● **INPUT**
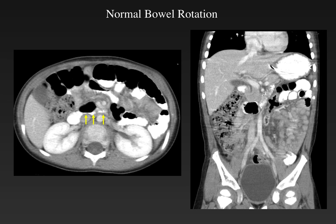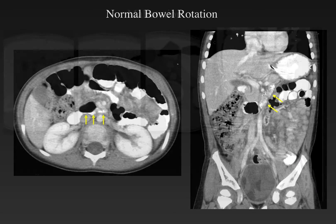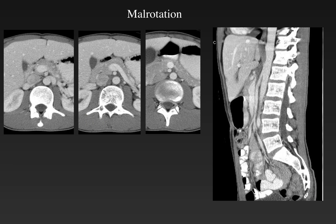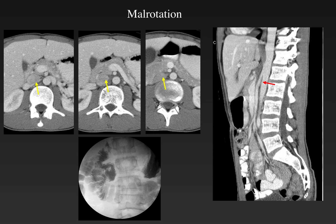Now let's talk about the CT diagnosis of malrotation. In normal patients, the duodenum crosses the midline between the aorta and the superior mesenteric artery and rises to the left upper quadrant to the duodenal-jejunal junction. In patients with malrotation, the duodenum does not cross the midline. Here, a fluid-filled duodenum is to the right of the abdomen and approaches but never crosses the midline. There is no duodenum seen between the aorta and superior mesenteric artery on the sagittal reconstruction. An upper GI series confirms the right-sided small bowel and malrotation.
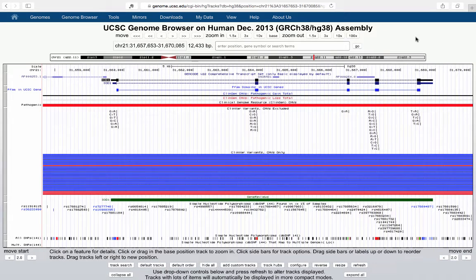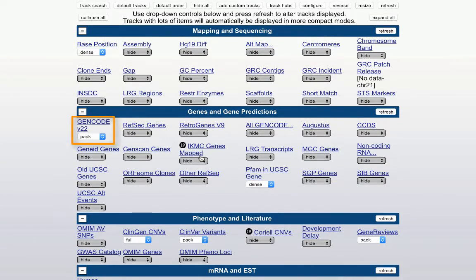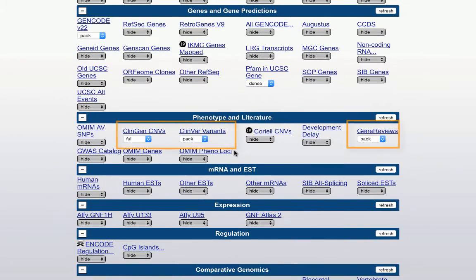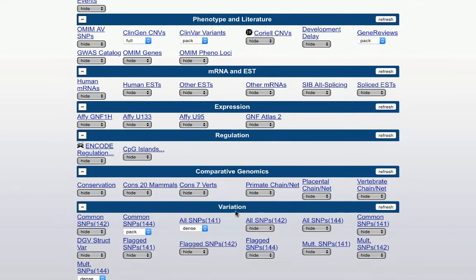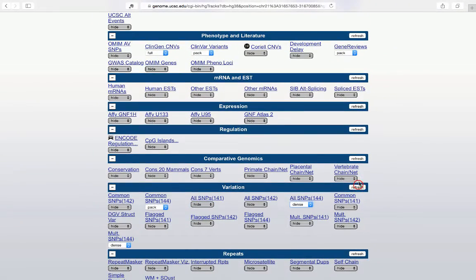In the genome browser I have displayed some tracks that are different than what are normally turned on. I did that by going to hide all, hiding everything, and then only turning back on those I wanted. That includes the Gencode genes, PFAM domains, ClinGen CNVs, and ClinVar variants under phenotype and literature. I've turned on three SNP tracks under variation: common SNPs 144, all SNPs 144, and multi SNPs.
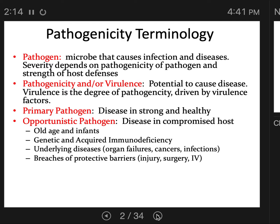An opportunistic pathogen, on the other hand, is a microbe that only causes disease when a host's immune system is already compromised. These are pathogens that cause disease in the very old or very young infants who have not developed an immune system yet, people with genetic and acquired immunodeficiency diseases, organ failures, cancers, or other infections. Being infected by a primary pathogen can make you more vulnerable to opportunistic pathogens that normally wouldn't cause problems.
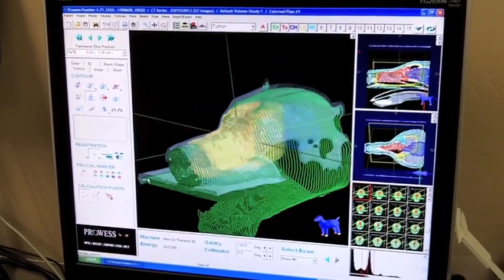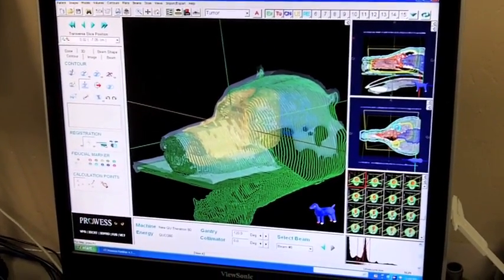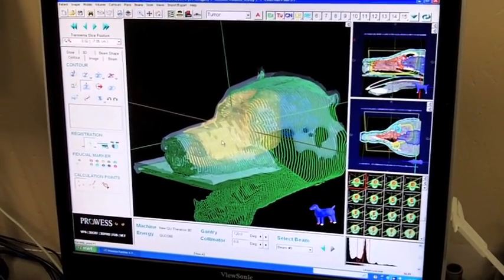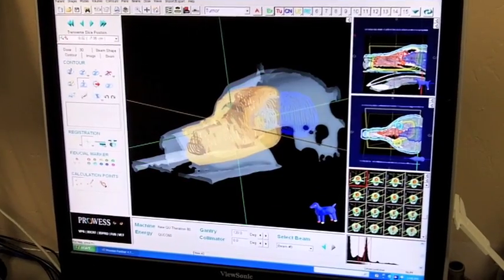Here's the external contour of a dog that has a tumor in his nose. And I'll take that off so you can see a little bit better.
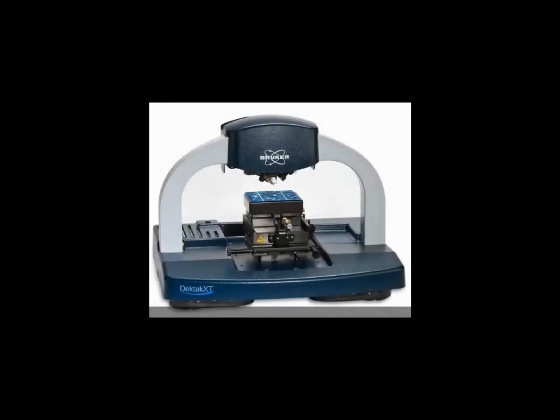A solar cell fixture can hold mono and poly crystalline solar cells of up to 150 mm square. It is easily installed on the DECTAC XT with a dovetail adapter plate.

● **YOUR TASK**
Without including any picture, set down every line above exactly as it stands.

● **YOUR SOLUTION**
Now let's talk about the CT diagnosis of malrotation. In normal patients, the duodenum crosses the midline between the aorta and the superior mesenteric artery and rises to the left upper quadrant to the duodenal-jejunal junction. In patients with malrotation, the duodenum does not cross the midline. Here, a fluid-filled duodenum is to the right of the abdomen and approaches but never crosses the midline. There is no duodenum seen between the aorta and superior mesenteric artery on the sagittal reconstruction. An upper GI series confirms the right-sided small bowel and malrotation.
In the genome browser I have displayed some tracks that are different than what are normally turned on. I did that by going to hide all, hiding everything, and then only turning back on those I wanted. That includes the Gencode genes, PFAM domains, ClinGen CNVs, and ClinVar variants under phenotype and literature. I've turned on three SNP tracks under variation: common SNPs 144, all SNPs 144, and multi SNPs.
An opportunistic pathogen, on the other hand, is a microbe that only causes disease when a host's immune system is already compromised. These are pathogens that cause disease in the very old or very young infants who have not developed an immune system yet, people with genetic and acquired immunodeficiency diseases, organ failures, cancers, or other infections. Being infected by a primary pathogen can make you more vulnerable to opportunistic pathogens that normally wouldn't cause problems.
Here's the external contour of a dog that has a tumor in his nose. And I'll take that off so you can see a little bit better.
A solar cell fixture can hold mono and poly crystalline solar cells of up to 150 mm square. It is easily installed on the DECTAC XT with a dovetail adapter plate.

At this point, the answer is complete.